Rifkin R H, Blocker S H, Palmer J O, Ternberg J L
Arch Surg. 1986 Aug;121(8):945-7. doi: 10.1001/archsurg.1986.01400080091017.
A 23-year-old black woman and her 6-year-old son, both with multiple granular cell tumors, are described herein. The mother and son both presented as children with multiple granular cell tumors. This is the first reported case of multiple lesions arising in childhood in successive generations. Only two other case studies of familial granular cell tumors have been reported, but in neither of these cases did multiple tumors present initially in both family members during childhood. A preponderance of multicentric lesions is reported in blacks.
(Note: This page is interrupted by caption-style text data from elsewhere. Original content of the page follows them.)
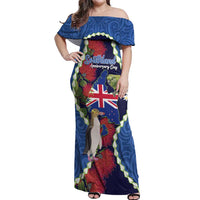 Southland Anniversary Day Off Shoulder Maxi Dress Murihiku 1861 Maori Bird Mix Pohutukawa LT14 Women Blue - Polynesian Pride
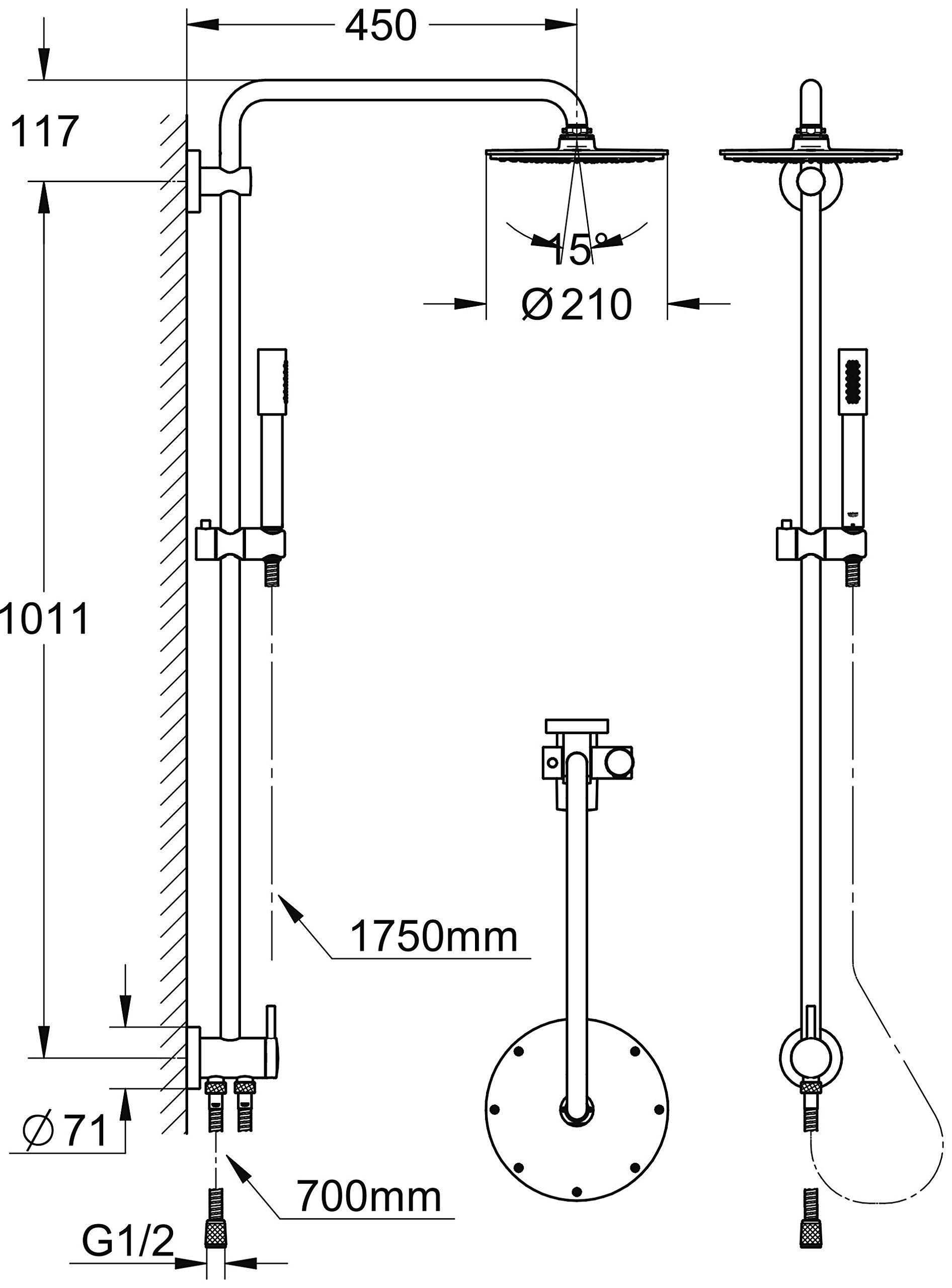 Amazon.co.jp: グローエ(GROHE) シャワーシステム ダイバータ切替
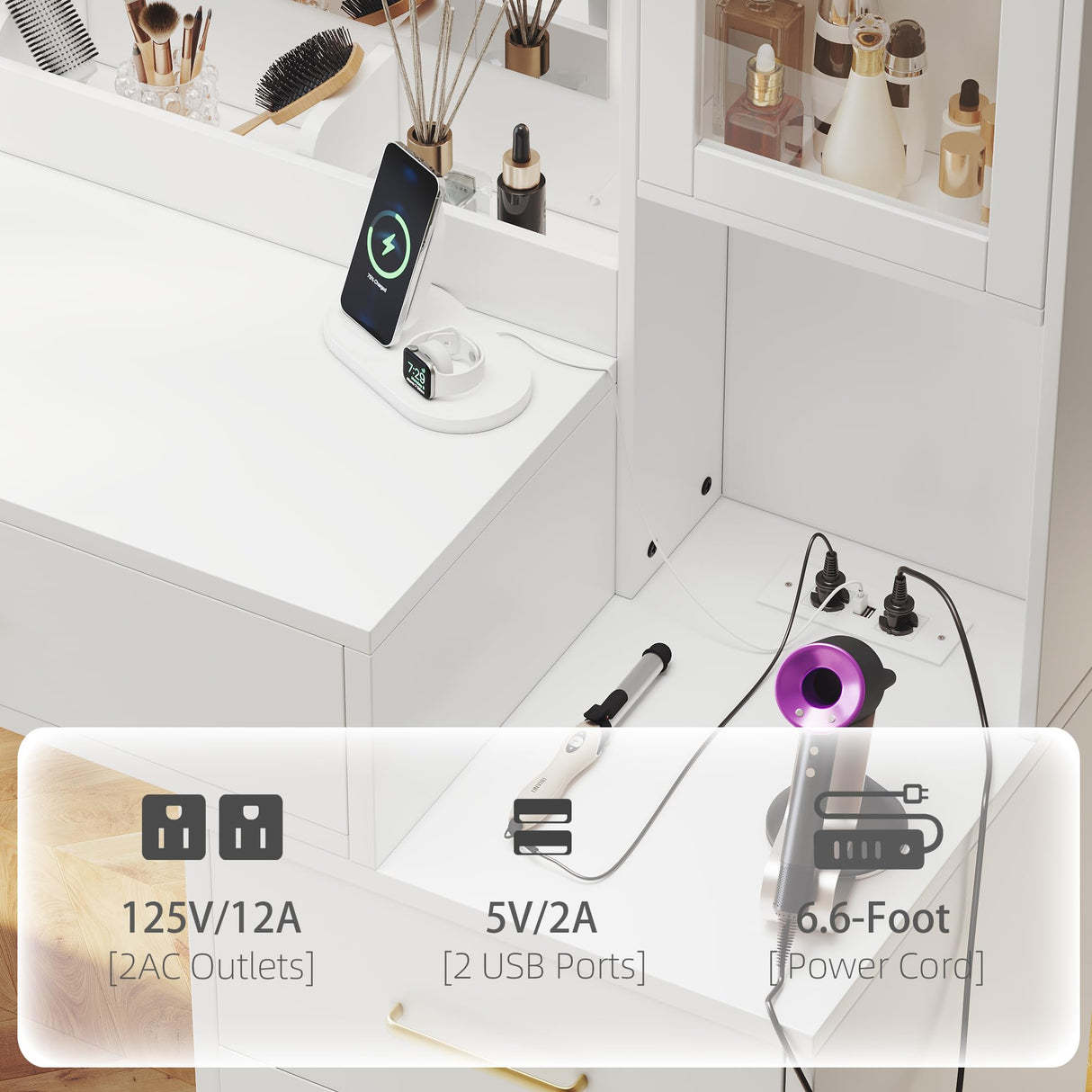 51" Vanity Desk with Mirror and Lights & Charging Station, Bedroom Dressing Table, Large Vanity Set with Cushioned Stool, 6 Drawers and 2 Cabinets, Makeup Vanity Table with Charging Station TOKSOM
The tumors recurred locally in some of the sites where there were inadequate surgical margins, emphasizing the need for complete excision.
本文描述了一名23岁的黑人女性及其6岁儿子,二人均患有多发性颗粒细胞瘤。母亲和儿子均在儿童期就出现了多发性颗粒细胞瘤。这是首次报道的连续两代人在儿童期出现多发性病变的病例。此前仅报道过另外两例家族性颗粒细胞瘤的病例研究,但在这两例中,均没有家庭成员在儿童期最初就出现多个肿瘤。据报道,黑人中多中心病变更为常见。在一些手术切缘不充分的部位,肿瘤出现了局部复发,这凸显了完整切除的必要性。